Awaitable hello or legacy hello Protocol
To initiate an awaitable hello or legacy hello command, the client includes both maxAwaitTimeMS and topologyVersion in the request, for example:
{
hello: 1,
maxAwaitTimeMS: 10000,
topologyVersion: {processId: <ObjectId>, counter: <int64>},
( ... other fields ...)
}
Clients MAY additionally set the OP_MSG exhaustAllowed flag to enable streaming hello or legacy hello. With streaming hello or legacy hello, the server MAY send multiple hello or legacy hello responses without waiting for further requests.
A server that implements the new protocol follows these rules:
- Always include the server's topologyVersion in hello, legacy hello, and State Change Error replies.
- If the request includes topologyVersion without maxAwaitTimeMS or vice versa, return an error.
- If the request omits topologyVersion and maxAwaitTimeMS, reply immediately.
- If the request includes topologyVersion and maxAwaitTimeMS, then reply immediately if the server's topologyVersion.processId does not match the request's, otherwise reply when the server's topologyVersion.counter is greater than the request's, or maxAwaitTimeMS elapses, whichever comes first.
- Following the OP_MSG spec, if the request omits the exhaustAllowed flag, the server MUST NOT
set the moreToCome flag on the reply.

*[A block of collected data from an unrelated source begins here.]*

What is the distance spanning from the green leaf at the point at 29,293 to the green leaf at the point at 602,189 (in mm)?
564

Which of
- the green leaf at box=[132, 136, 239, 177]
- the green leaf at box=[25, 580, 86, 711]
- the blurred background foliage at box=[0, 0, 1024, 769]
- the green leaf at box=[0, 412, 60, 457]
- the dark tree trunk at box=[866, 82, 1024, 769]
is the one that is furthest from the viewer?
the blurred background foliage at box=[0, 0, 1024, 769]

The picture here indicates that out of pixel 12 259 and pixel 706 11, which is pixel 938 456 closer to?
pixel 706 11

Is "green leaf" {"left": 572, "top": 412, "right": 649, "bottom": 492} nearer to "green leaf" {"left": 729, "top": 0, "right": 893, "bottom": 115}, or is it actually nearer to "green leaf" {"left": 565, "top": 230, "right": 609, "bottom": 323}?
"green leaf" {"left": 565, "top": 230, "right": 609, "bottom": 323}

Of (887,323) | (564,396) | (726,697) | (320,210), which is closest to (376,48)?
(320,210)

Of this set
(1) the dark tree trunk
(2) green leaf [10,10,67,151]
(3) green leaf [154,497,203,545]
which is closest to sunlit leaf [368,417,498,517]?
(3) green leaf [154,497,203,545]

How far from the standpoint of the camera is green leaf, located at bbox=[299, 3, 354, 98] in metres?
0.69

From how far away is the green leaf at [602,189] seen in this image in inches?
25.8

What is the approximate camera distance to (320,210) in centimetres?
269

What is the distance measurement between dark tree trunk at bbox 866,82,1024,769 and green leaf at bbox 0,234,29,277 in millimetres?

If the request's exhaustAllowed flag is set, the server MAY set the moreToCome
flag on the reply. If the server sets moreToCome, it MUST continue streaming replies without awaiting further
requests. Between replies it MUST wait until the server's topologyVersion.counter is incremented or maxAwaitTimeMS
elapses, whichever comes first. If the reply includes
ok: 0
the server MUST NOT set the moreToCome flag. - On a topology change that changes the horizon parameters, the server will close all application connections.

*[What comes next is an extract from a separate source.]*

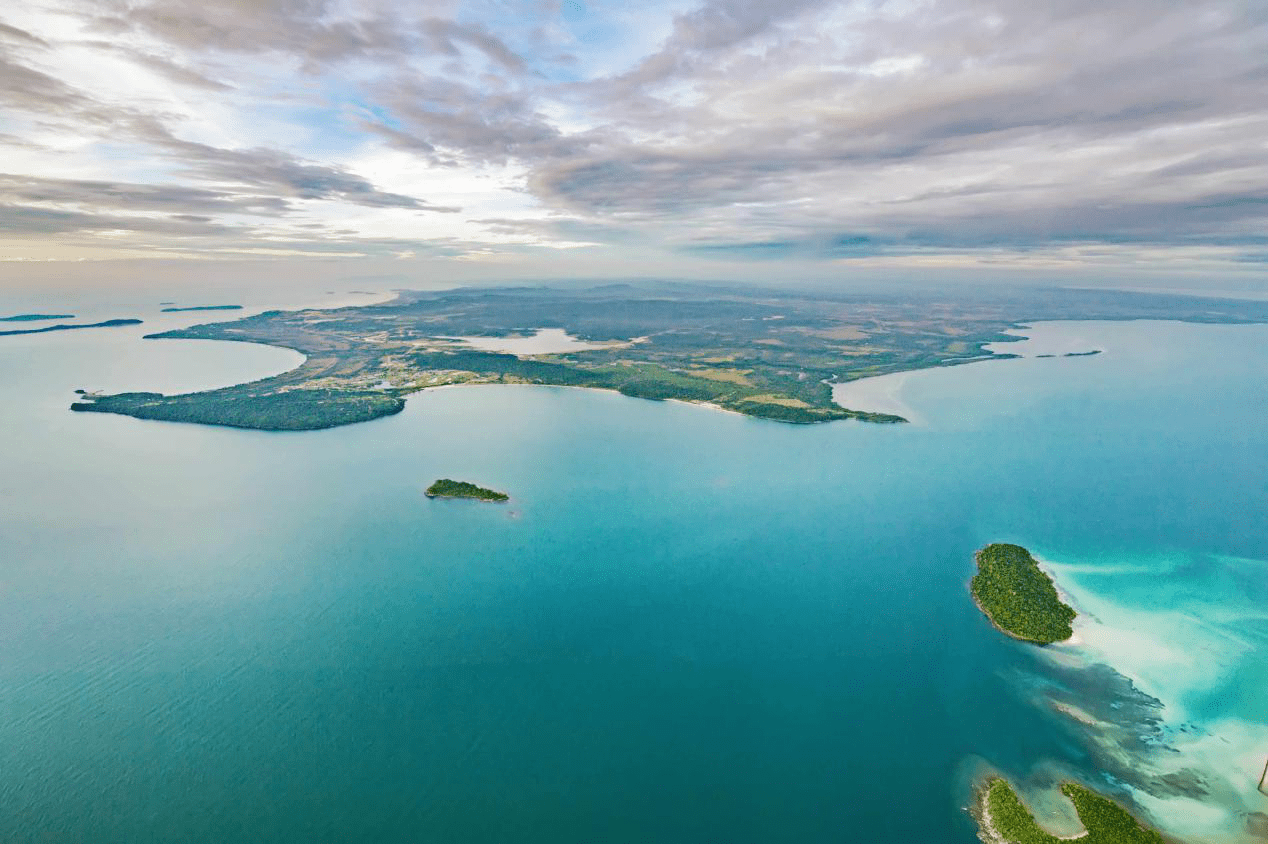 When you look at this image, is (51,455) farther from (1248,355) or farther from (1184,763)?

Example awaitable hello conversation:
Client | Server |
---|---|
hello handshake -> | |
<- reply with topologyVersion | |
hello as OP_MSG with maxAwaitTimeMS and topologyVersion -> | |
wait for change or timeout | |
<- OP_MSG with topologyVersion | |
... |
Example streaming hello conversation (awaitable hello with exhaust):
Client | Server |
---|---|
hello handshake -> | |
<- reply with topologyVersion | |
hello as OP_MSG with exhaustAllowed, maxAwaitTimeMS, and topologyVersion -> | |
wait for change or timeout | |
<- OP_MSG with moreToCome and topologyVersion | |
wait for change or timeout | |
<- OP_MSG with moreToCome and topologyVersion | |
... | |
<- OP_MSG without moreToCome | |
... |
Streaming Protocol
The streaming protocol is used to monitor MongoDB 4.4+ servers and optimally reduces the time it takes for a client to discover server state changes. Multi-threaded or asynchronous drivers MUST use the streaming protocol when connected to a server that supports the awaitable hello or legacy hello commands. This protocol requires an extra thread and an extra socket for each monitor to perform RTT calculations.
Streaming disabled
The streaming protocol MUST be disabled when either:
- the client is configured with serverMonitoringMode=poll, or
- the client is configured with serverMonitoringMode=auto and a FaaS platform is detected, or
- the server does not support streaming (eg MongoDB < 4.4).
When the streaming protocol is disabled the client MUST use the polling protocol and MUST NOT start an extra thread or connection for Measuring RTT.
See Why disable the streaming protocol on FaaS platforms like AWS Lambda?.
Streaming hello or legacy hello
The streaming hello or legacy hello protocol uses awaitable hello or legacy hello with the OP_MSG exhaustAllowed flag to continuously stream hello or legacy hello responses from the server. Drivers MUST set the OP_MSG exhaustAllowed flag with the awaitable hello or legacy hello command and MUST process each hello or legacy hello response. (I.e., they MUST process responses strictly in the order they were received.)
A client follows these rules when processing the hello or legacy hello exhaust response:
- If the response indicates a command error, or a network error or timeout occurs, the client MUST close the connection and restart the monitoring protocol on a new connection. (See Network or command error during server check.)
- If the response is successful (includes "ok:1") and includes the OP_MSG moreToCome flag, then the client begins reading the next response.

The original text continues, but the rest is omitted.